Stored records
•••
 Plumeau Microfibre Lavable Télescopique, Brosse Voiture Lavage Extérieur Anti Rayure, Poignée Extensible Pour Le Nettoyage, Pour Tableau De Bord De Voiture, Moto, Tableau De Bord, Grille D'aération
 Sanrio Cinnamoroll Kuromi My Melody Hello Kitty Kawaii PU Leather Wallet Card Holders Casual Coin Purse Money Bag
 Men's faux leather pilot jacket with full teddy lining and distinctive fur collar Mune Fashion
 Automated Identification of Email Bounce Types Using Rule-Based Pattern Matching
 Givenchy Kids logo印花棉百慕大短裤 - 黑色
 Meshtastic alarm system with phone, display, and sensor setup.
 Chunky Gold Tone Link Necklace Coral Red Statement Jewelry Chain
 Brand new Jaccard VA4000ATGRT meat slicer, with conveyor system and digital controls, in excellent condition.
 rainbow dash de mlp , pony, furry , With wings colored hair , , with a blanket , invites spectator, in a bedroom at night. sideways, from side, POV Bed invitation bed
•••
▸ **TASK**: Reproduce the data shown above in its entirety, keeping each word as it is.

▸ **REPLY**:
 Plumeau Microfibre Lavable Télescopique, Brosse Voiture Lavage Extérieur Anti Rayure, Poignée Extensible Pour Le Nettoyage, Pour Tableau De Bord De Voiture, Moto, Tableau De Bord, Grille D'aération
 Sanrio Cinnamoroll Kuromi My Melody Hello Kitty Kawaii PU Leather Wallet Card Holders Casual Coin Purse Money Bag
 Men's faux leather pilot jacket with full teddy lining and distinctive fur collar Mune Fashion
 Automated Identification of Email Bounce Types Using Rule-Based Pattern Matching
 Givenchy Kids logo印花棉百慕大短裤 - 黑色
 Meshtastic alarm system with phone, display, and sensor setup.
 Chunky Gold Tone Link Necklace Coral Red Statement Jewelry Chain
 Brand new Jaccard VA4000ATGRT meat slicer, with conveyor system and digital controls, in excellent condition.
 rainbow dash de mlp , pony, furry , With wings colored hair , , with a blanket , invites spectator, in a bedroom at night. sideways, from side, POV Bed invitation bed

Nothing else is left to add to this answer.